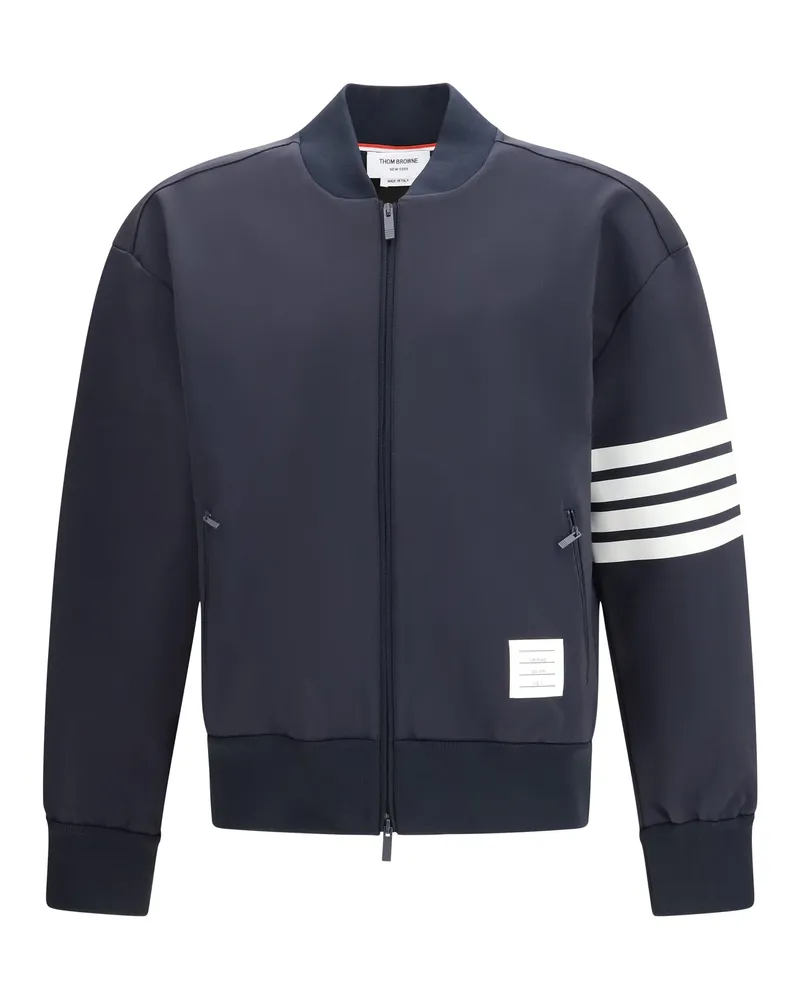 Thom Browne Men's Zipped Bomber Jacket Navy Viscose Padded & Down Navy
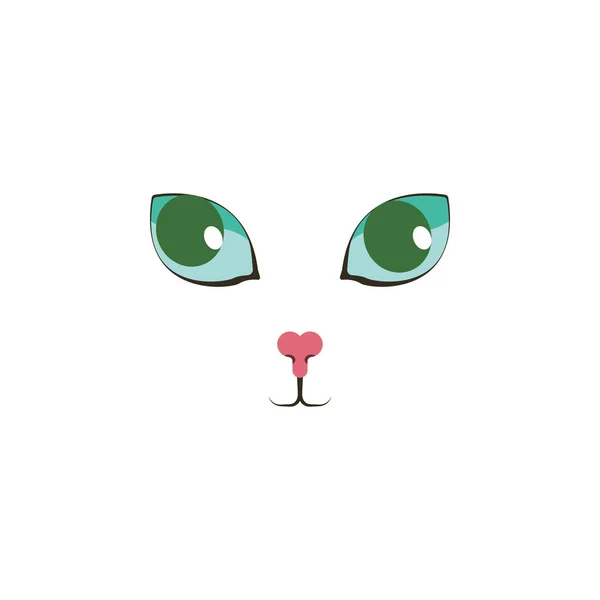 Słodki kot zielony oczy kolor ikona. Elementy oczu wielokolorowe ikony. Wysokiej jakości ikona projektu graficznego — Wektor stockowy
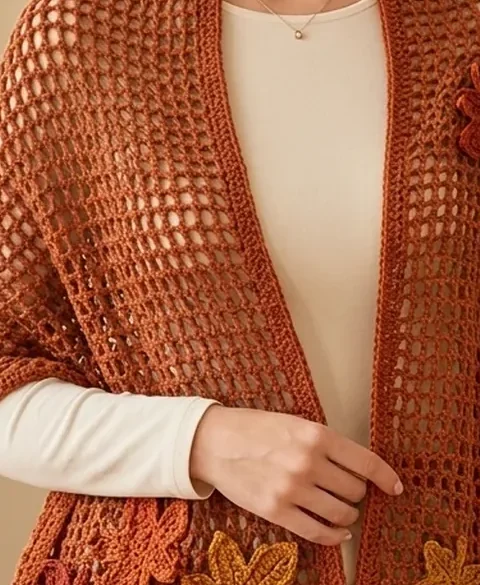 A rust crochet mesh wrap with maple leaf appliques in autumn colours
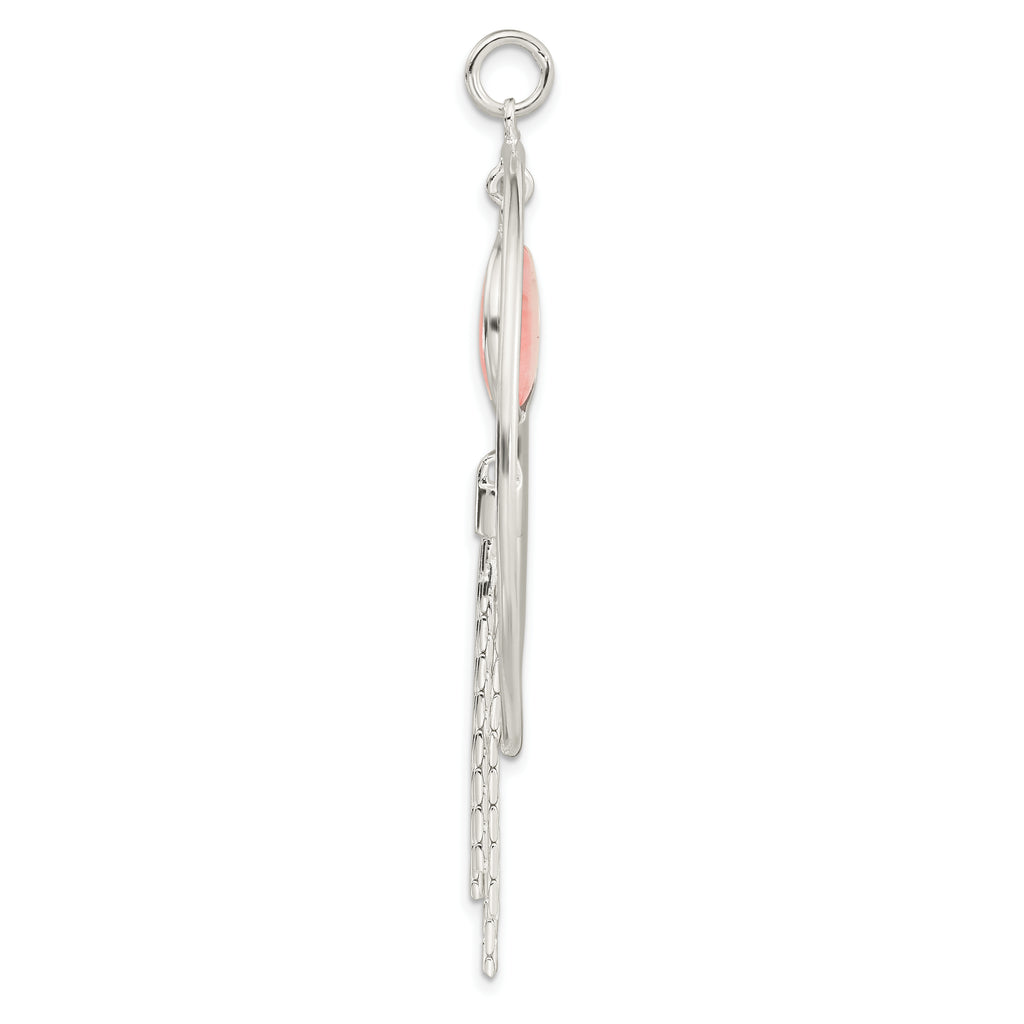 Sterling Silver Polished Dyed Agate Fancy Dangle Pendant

▶ [What needs to be done]:
Please copy the data shown above word for word, omitting the pictures.

▶ [Written response]:
 Thom Browne Men's Zipped Bomber Jacket Navy Viscose Padded & Down Navy
 Słodki kot zielony oczy kolor ikona. Elementy oczu wielokolorowe ikony. Wysokiej jakości ikona projektu graficznego — Wektor stockowy
 A rust crochet mesh wrap with maple leaf appliques in autumn colours
 Sterling Silver Polished Dyed Agate Fancy Dangle Pendant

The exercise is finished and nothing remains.